By Zev Lonner ‘2020
As someone who is a committed follower of baseball and soccer, I often find myself struggling to contribute to school discussions about sports. Many of my classmates prefer football and basketball. However, there is one portion of the year when, despite my lack of basketball awareness, I can participate in a competition along with my more knowledgeable peers. I am referring of course to “March Madness,” or the NCAA Men’s Basketball Tournament. During this championship, which occurs on select days of March and early April every year, millions of people fill out “brackets” with what they believe will be the results of all the games. The tournament has its nickname because it is known for being unpredictable. It therefore gives little to no advantage to people guessing the outcomes. For this reason, March Madness is an event that in recent years, I have begun to deeply look forward to in the winter.
My personal history with March Madness began in ninth grade at Ramaz, when my math teacher challenged my classmates and me, along with her other class in my grade, to a bracket competition. The rules were simple: all of us filled in our tournament predictions, and whoever’s bracket was the most accurate would win a large bag of candy. Naturally, I dreaded this contest. In my mind, I stood no chance against students who kept up with college basketball news year-round. My assumption proved unwarranted though, as I won the candy as well as the immense joy and pride that came along with it. From that point on, I loved March Madness, and I brought this enthusiasm with me when I came to Heschel.

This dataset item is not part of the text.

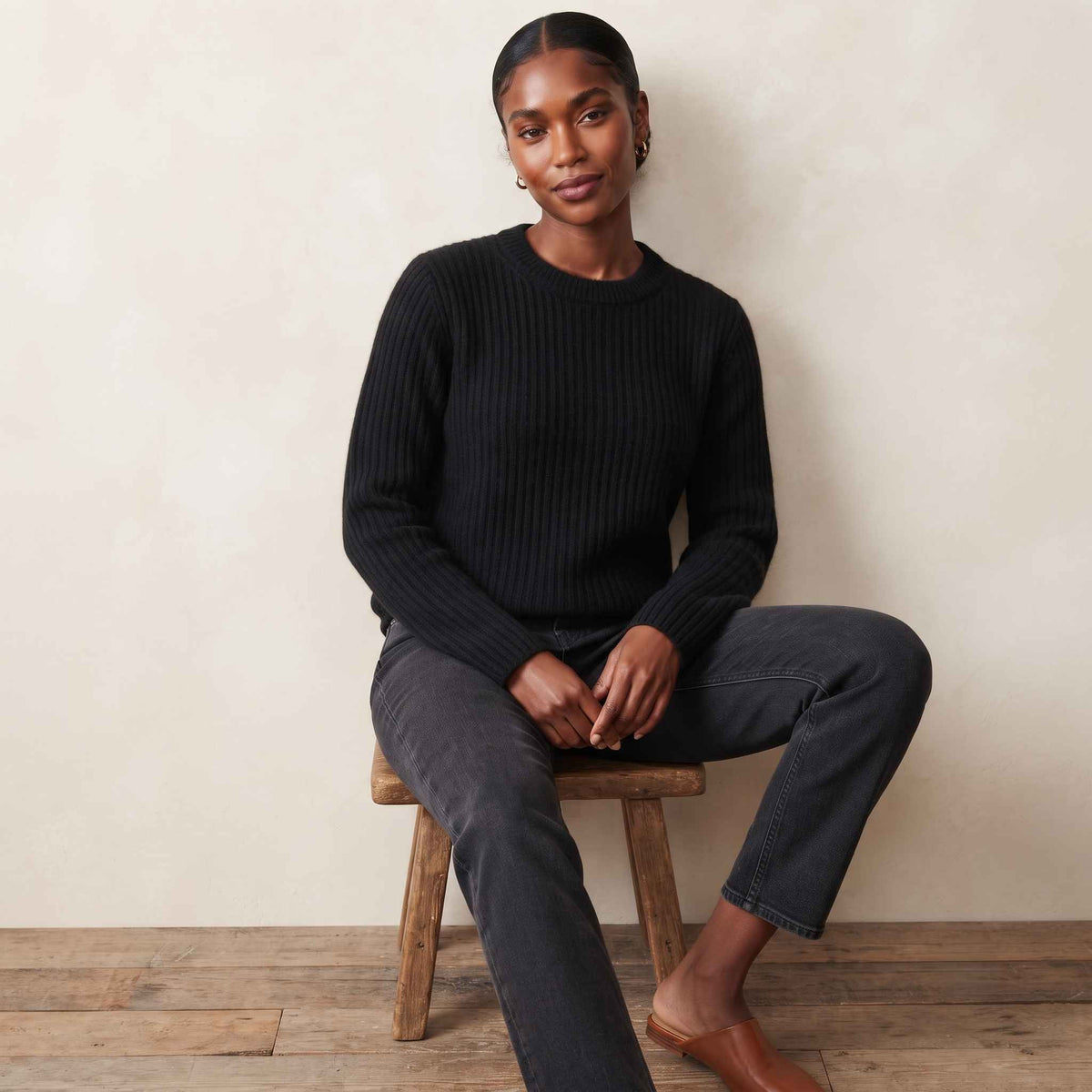 Women's heavyweight ribbed cashmere crewneck sweater in Black — view 1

Only a week into this year’s championship, I had already begun to experience many of the aspects of March Madness I appreciate so dearly. I had heard people intensely analyzing all of the tournament’s matchups prior to its start, although I was unable to pick apart the games myself. I filled out my bracket with only slight knowledge of which few teams stood apart from the rest. As a result, I based many of my predictions purely on which teams’ logos, names, and/or colors I preferred. Not long into the madness, though, my choices tested as good as any of my classmates’. Now, I can discuss the competition with anybody and don’t feel the need to hide the fact that I don’t follow college basketball.
Clearly, I am not the only one who feels this way. “Everybody’s talking about it in the hallways. It’s like a culture around the school, and if you want to be a part of it, you can be,” said senior Jesse Abed. Discussing the tournament as well as personal brackets continue to be an activity open for all. Although students’ profound care for the competition may seem childish to some, March Madness is guaranteed to unite people for years to come, and is therefore deserving of high praise.